● Work order:
When a picture appears in the listing, leave it out and copy the rest exactly as it stands.

● Input data:
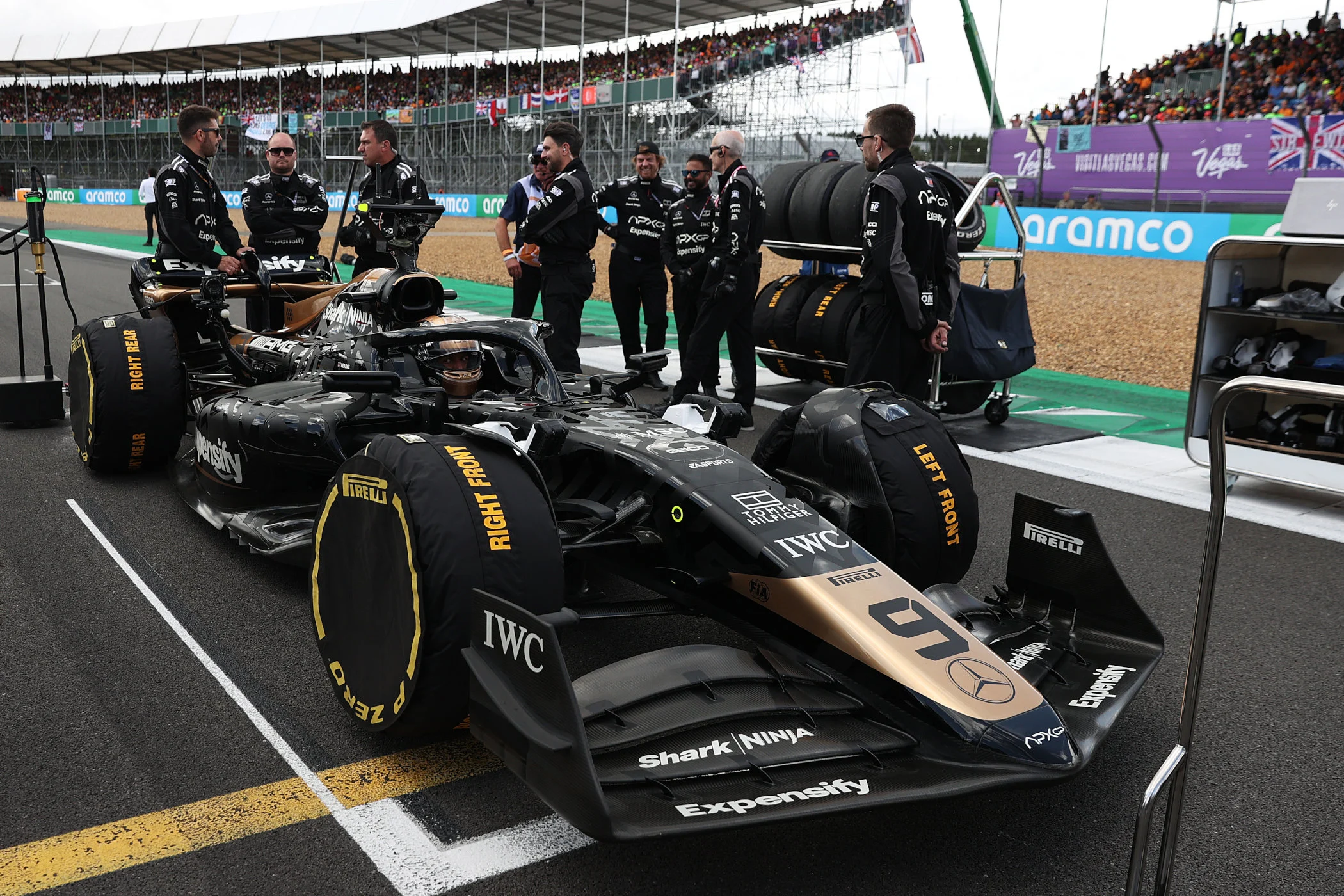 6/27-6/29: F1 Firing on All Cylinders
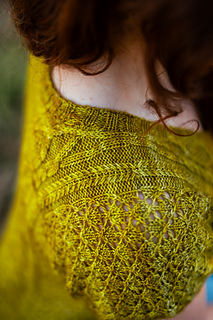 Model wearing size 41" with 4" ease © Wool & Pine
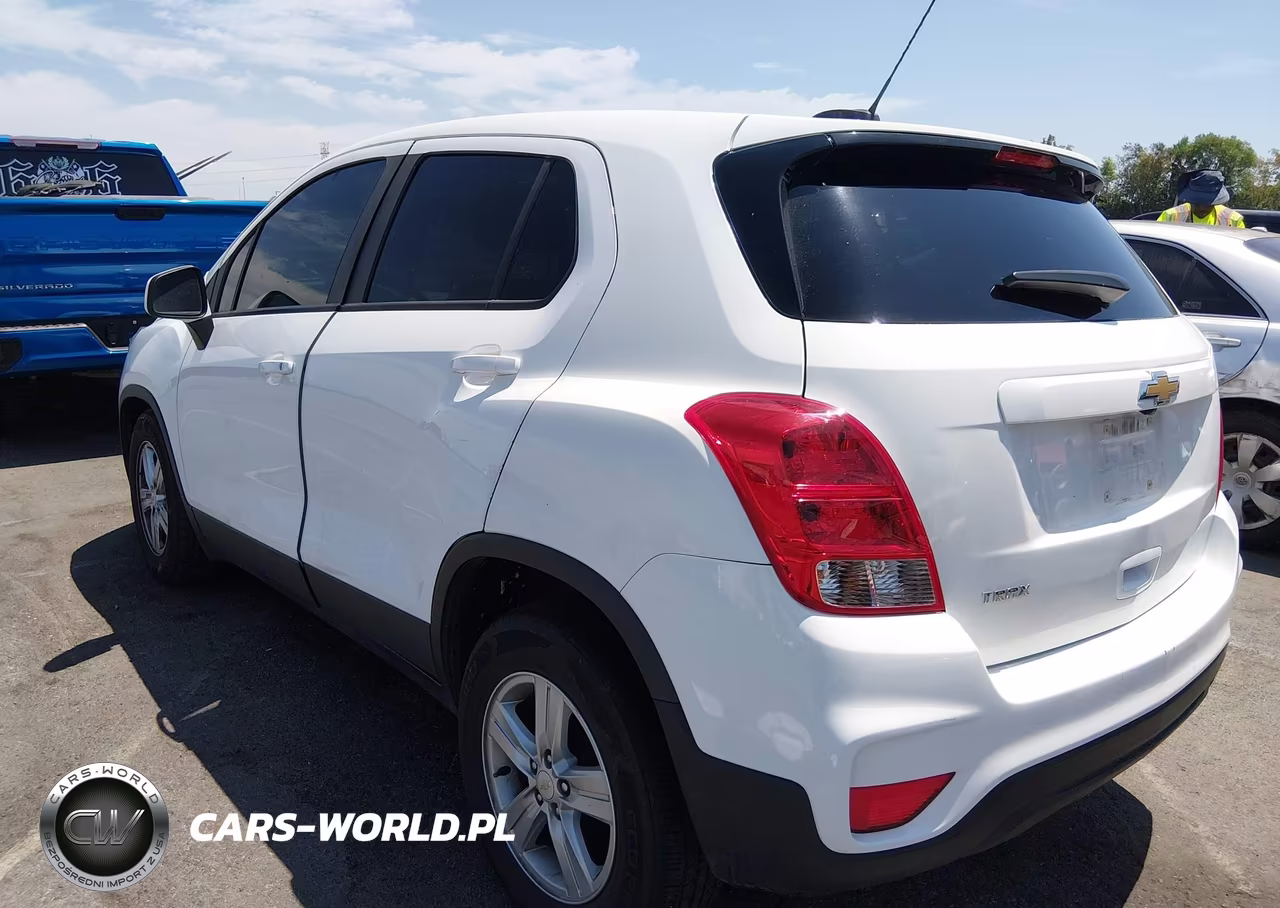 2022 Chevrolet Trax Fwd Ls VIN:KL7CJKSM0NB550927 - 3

● Output of the task:
 6/27-6/29: F1 Firing on All Cylinders
 Model wearing size 41" with 4" ease © Wool & Pine
 2022 Chevrolet Trax Fwd Ls VIN:KL7CJKSM0NB550927 - 3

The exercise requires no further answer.